Article

California Love

| posted on March 07, 2013

Golden peaks kissed by offshore winds; what's not to love? Photo: Gilley

Rob Gilley

Previously in denial about his photographic past, Rob Gilley now rummages through his trove of mediocrity.

I know this European surfer who wanted to take a trip in January. He didn’t care if it was a warm or cool water destination, he just wanted to get away from home, surf, and have fun. He had already been to the Caribbean and Morocco, and was looking for somewhere new.

As it turned out, he ended up sitting on his ass for the entire duration of his trip. This is because he chose the North Shore of Oahu as his destination, and he arrived just in time for one of those massive, rainy, trade-wind-ridden surf patterns—just full-on diarrhea at sea.

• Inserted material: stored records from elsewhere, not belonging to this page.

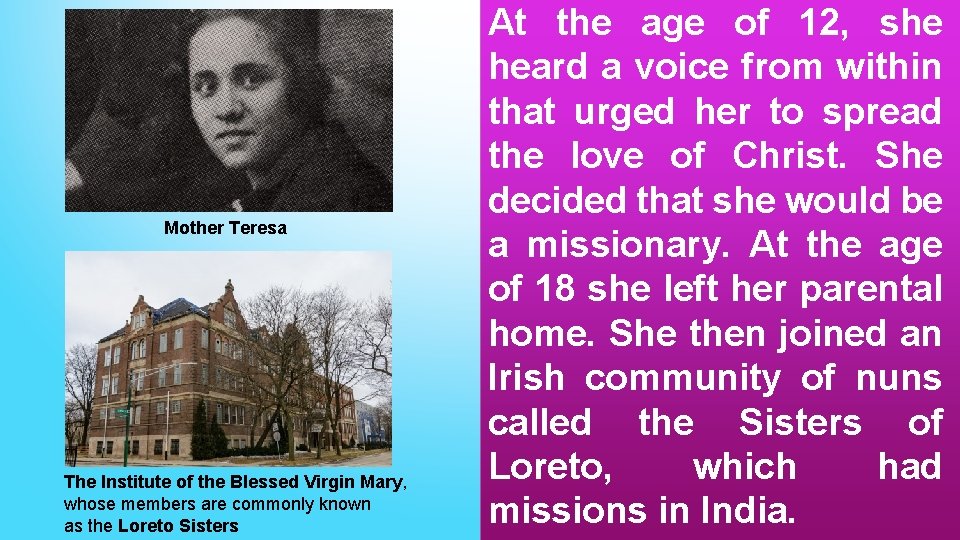 Mother Teresa The Institute of the Blessed Virgin Mary, whose members are commonly known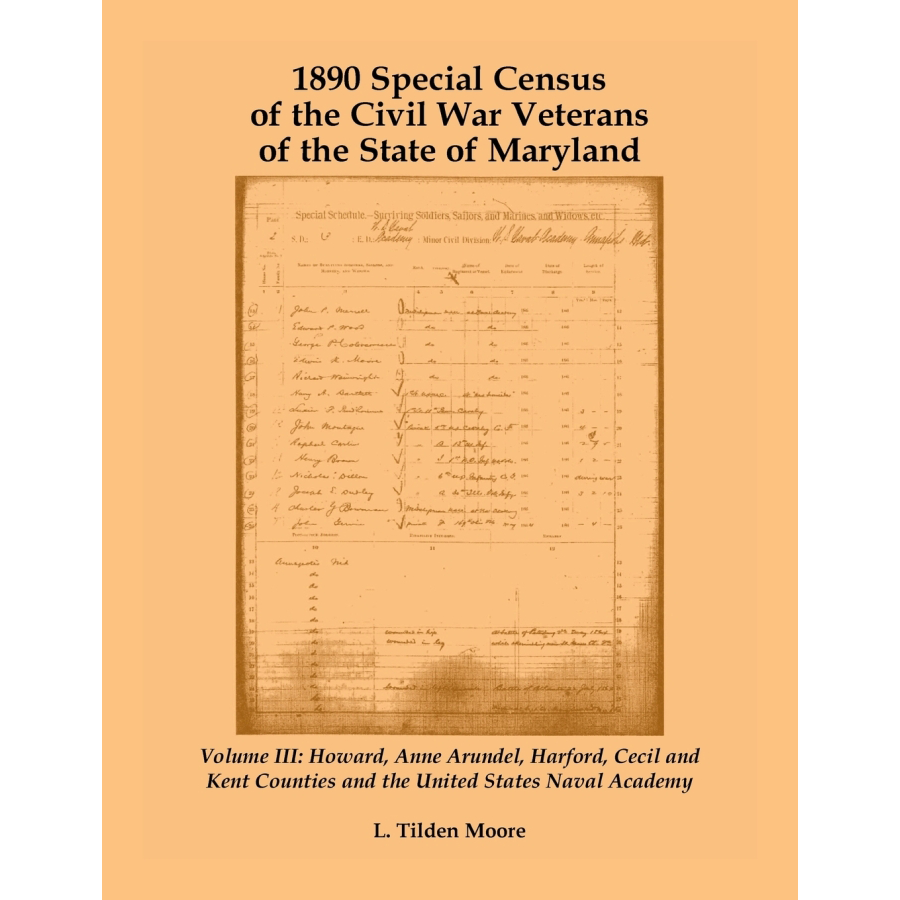 1890 Special Census of Civil War Veterans in Maryland Volume III - Genealogy Research & Historical Records for Ancestry & Family History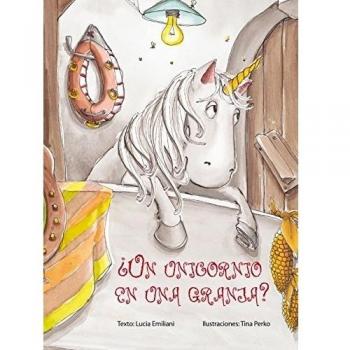 Unicornio En Una Granja?, Un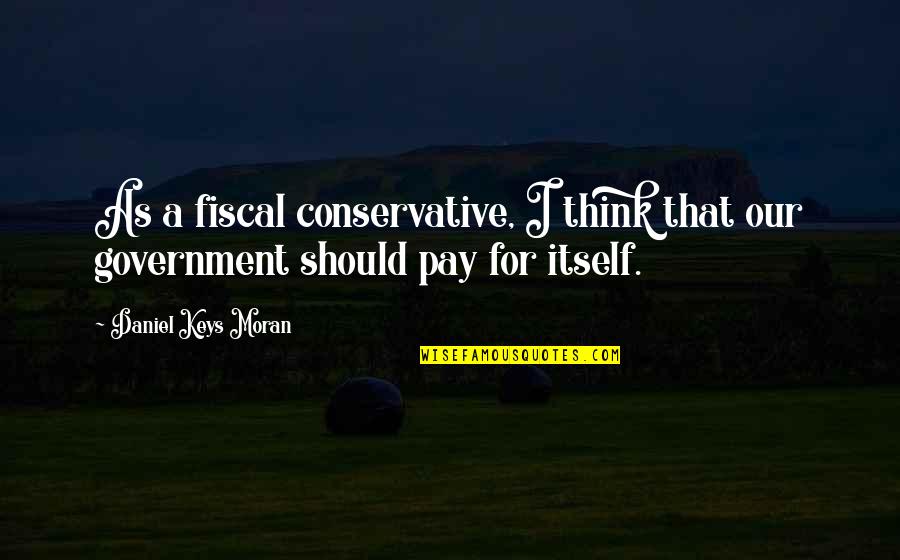 Life In A Nutshell Quotes By Daniel Keys Moran: As a fiscal conservative, I think that our Life In A Nutshell Quotes By Daniel Keys Moran: As a fiscal conservative, I think that our
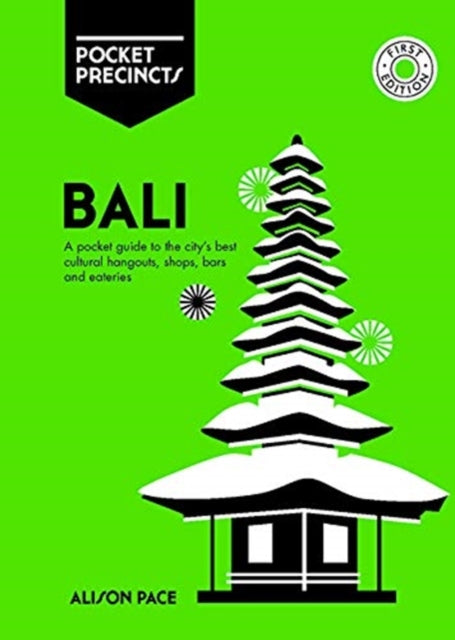 Book cover of: Bali Pocket Precincts. By: Alison Pace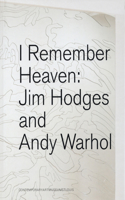 Jim Hodges & Andy Warhol: I Remember Heaven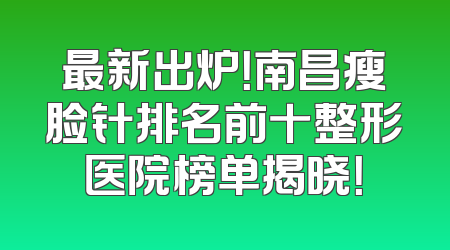 最新出炉！南昌瘦脸针排名前十整形医院榜单揭晓！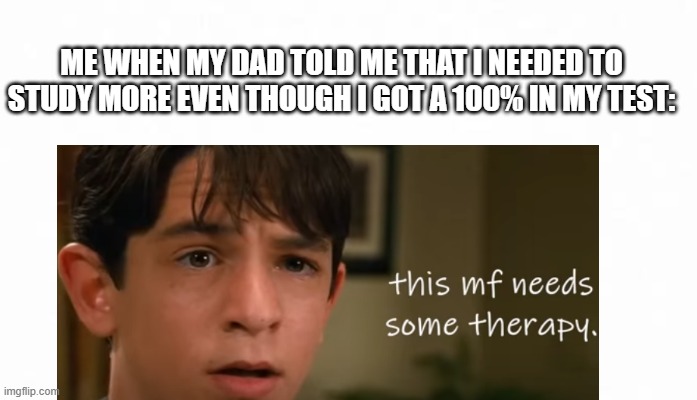 Relatable Memes | ME WHEN MY DAD TOLD ME THAT I NEEDED TO STUDY MORE EVEN THOUGH I GOT A 100% IN MY TEST: | image tagged in funny | made w/ Imgflip meme maker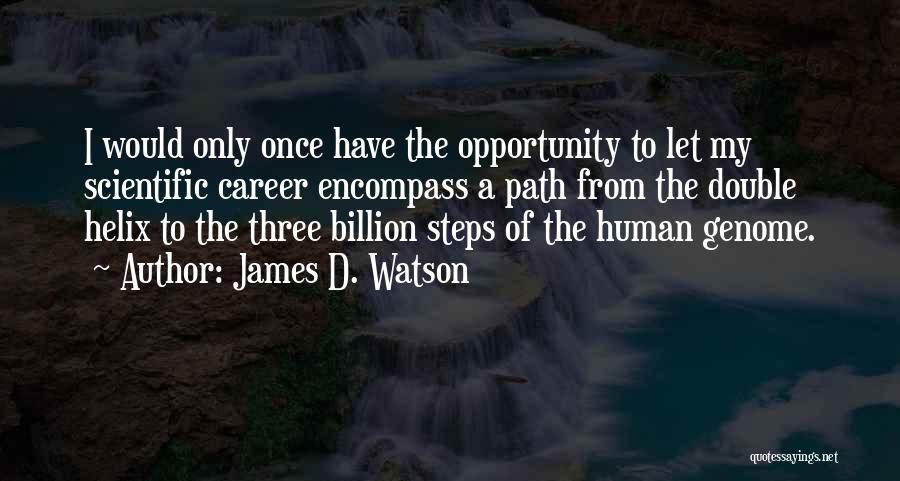 James D. Watson Quotes 85085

I knew from the get-go that he had made a bad decision, and not because of the weather. It was because I knew how this guy surfed, and realized that even if the conditions were better, he wouldn’t have enjoyed himself. When it comes to most surfers’ abilities, macking Hawaii and fun sessions are mutually exclusive.

While he sat indoors on Oahu, the place I had suggested he go—California—was going off. The same giant, blown-out swells that he was enduring on the Islands were being met by perfect conditions up and down the West Coast. Day after day we saw clean, roping surf at every point, reef, and beachbreak.

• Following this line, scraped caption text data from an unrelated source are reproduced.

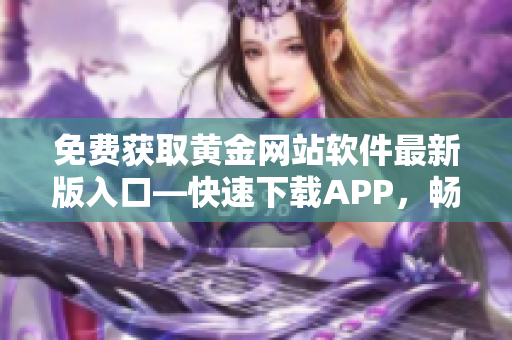 免費獲取黃金網(wǎng)站軟件最新版入口—快速下載APP，暢享精彩內(nèi)容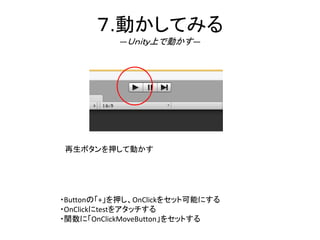 ７.動かしてみる
―Ｕｎｉｔｙ上で動かす―
・Buttonの「+」を押し、OnClickをセット可能にする
・OnClickにtestをアタッチする
・関数に「OnClickMoveButton」をセットする
再生ボタンを押して動かす
 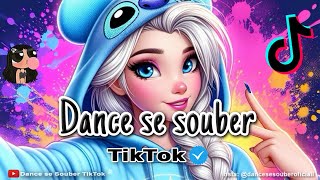 Dance se souber  Tik Tok  Atualizado 2024🤍 [upl. by Yrral]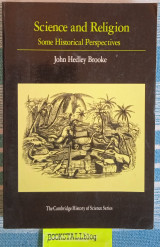 Science and Religion: Some Historical Perspective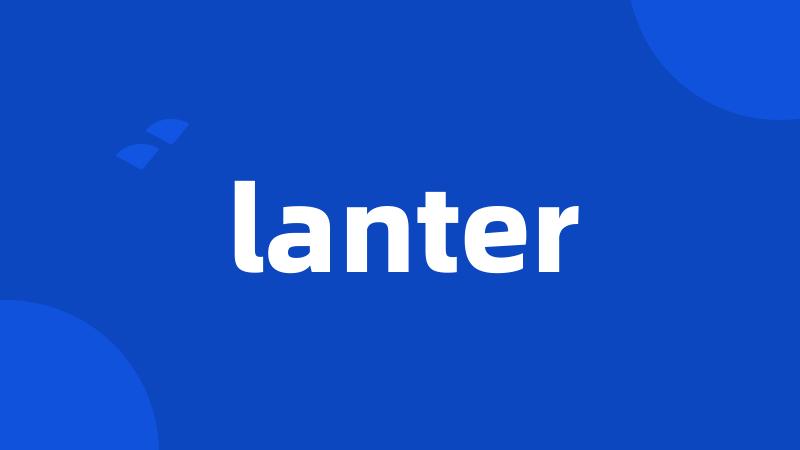 lanter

When it comes to epic surf trips, California is not even on the world’s radar. Despite offering 700 miles of surf possibilities and a veritable abundance of amazing side-trips, people from other countries don’t even consider it.

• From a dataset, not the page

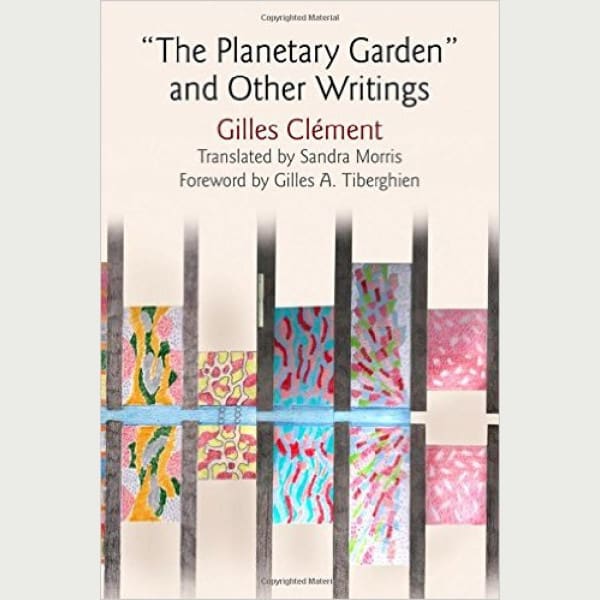 The Planetary Garden and Other Writings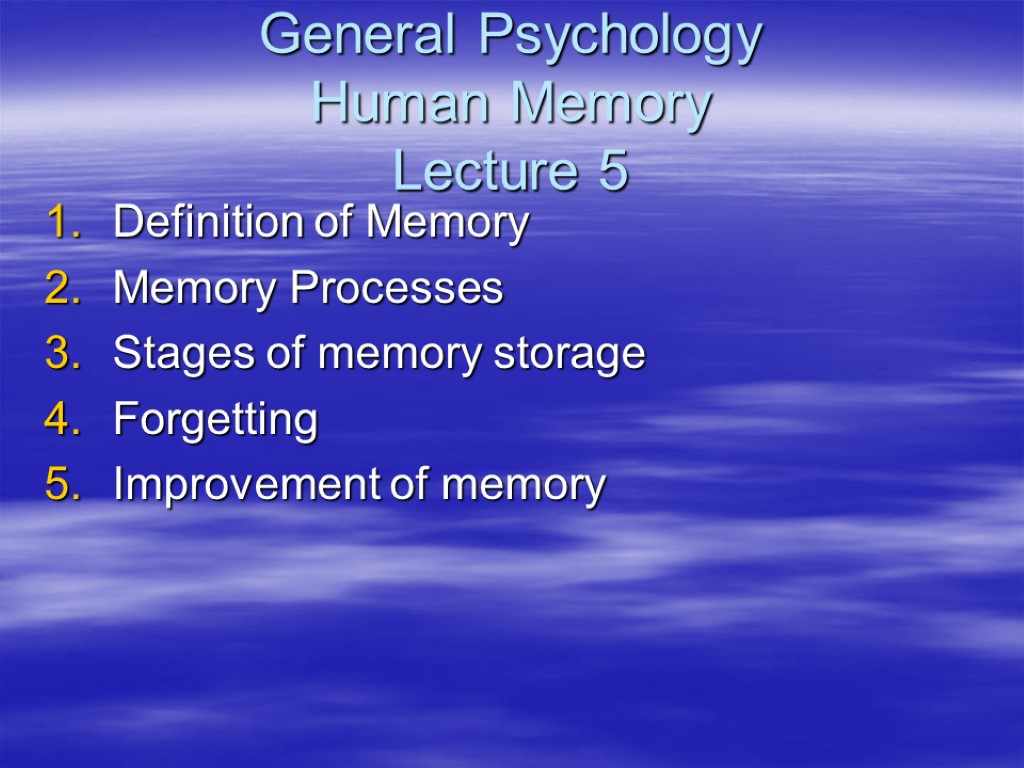 General Psychology Human Memory Lecture 5 Definition of Memory Memory Processes Stages of memory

Without much doubt, this is due to how California, particularly Southern California, is portrayed by the surf media. More often than not, it’s shown as this ultra-crowded, localized Mecca of fast food and freeways. A place where your chances of having a good surf trip are similar to a snowball’s in hell.

Personally, I find this impression a bit ironic because I think it’s nearly the opposite—from December through March, California is one of the best places you could travel. If you know what you’re doing, you will not only find clean, relatively uncrowded surf, but you can find waves that match your ability.

Nevertheless, it seems that California’s surf reputation has been cemented, and maybe that’s a good thing. Maybe being overlooked by the rest of the world has made our home a more worthwhile—and stealthy—place to live and surf.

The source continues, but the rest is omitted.